Directions >> Going down the data below, set down exactly the line with "thumbnail image 4" and each line after it through the line with "7 Pieces Teal"; no other lines.

Short web captions >>
========

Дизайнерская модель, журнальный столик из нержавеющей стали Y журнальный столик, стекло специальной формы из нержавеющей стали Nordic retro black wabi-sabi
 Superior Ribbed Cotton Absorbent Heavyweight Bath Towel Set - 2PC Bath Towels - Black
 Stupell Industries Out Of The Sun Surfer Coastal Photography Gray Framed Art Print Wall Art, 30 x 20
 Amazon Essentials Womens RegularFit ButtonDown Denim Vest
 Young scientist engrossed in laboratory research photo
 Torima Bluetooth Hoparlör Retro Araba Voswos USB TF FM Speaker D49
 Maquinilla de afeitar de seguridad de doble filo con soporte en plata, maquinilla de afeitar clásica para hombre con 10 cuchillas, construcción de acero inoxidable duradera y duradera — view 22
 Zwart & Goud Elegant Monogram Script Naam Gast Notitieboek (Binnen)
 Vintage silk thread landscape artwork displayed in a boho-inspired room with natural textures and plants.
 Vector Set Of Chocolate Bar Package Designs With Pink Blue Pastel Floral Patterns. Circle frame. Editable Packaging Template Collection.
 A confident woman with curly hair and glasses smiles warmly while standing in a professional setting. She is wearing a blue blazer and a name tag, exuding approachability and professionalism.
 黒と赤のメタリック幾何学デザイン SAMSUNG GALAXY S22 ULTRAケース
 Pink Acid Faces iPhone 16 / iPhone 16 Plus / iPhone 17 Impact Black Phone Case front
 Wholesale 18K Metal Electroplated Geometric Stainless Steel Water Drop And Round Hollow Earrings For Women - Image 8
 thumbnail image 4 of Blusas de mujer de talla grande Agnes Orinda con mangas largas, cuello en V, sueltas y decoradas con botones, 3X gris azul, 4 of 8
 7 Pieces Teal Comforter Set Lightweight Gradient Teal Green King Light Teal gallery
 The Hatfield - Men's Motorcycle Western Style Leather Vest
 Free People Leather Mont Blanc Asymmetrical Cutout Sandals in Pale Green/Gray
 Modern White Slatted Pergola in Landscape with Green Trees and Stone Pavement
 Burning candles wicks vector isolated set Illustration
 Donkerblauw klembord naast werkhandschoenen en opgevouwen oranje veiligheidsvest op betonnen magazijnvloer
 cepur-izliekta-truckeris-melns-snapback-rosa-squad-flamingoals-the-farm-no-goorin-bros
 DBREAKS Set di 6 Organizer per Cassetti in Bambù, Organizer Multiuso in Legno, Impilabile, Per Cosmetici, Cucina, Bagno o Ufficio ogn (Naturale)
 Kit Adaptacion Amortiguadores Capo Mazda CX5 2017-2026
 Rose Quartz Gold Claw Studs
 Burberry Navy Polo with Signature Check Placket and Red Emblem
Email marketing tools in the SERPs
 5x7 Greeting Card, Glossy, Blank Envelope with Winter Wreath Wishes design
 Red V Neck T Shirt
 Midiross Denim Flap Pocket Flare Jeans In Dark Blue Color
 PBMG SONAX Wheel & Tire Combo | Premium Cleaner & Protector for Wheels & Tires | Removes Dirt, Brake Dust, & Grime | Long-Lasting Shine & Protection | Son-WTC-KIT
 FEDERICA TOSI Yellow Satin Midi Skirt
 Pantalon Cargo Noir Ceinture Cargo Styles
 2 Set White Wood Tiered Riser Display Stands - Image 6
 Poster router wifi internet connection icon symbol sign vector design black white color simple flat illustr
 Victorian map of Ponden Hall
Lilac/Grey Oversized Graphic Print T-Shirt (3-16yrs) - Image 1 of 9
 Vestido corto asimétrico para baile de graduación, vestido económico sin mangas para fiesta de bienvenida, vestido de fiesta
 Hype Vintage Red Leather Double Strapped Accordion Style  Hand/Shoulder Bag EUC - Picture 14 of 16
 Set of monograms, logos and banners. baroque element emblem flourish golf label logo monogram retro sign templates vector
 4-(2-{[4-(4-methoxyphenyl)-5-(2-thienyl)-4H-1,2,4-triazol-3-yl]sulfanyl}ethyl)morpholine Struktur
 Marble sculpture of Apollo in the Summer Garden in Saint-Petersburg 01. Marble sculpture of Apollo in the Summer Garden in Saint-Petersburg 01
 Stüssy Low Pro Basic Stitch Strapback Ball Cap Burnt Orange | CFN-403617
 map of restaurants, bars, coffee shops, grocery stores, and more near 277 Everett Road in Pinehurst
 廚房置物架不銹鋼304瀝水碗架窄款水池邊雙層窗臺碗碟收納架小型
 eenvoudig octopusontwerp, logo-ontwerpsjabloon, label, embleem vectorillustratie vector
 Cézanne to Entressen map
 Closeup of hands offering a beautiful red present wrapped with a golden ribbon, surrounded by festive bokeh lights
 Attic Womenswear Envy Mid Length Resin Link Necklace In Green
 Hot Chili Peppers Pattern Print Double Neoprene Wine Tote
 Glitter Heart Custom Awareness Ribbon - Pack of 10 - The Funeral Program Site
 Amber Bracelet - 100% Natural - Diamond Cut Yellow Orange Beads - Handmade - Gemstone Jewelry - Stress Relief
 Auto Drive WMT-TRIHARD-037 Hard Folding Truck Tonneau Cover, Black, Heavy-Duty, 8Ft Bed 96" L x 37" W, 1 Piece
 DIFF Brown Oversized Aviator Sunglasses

========

Exercise answer >>
 thumbnail image 4 of Blusas de mujer de talla grande Agnes Orinda con mangas largas, cuello en V, sueltas y decoradas con botones, 3X gris azul, 4 of 8
 7 Pieces Teal Comforter Set Lightweight Gradient Teal Green King Light Teal gallery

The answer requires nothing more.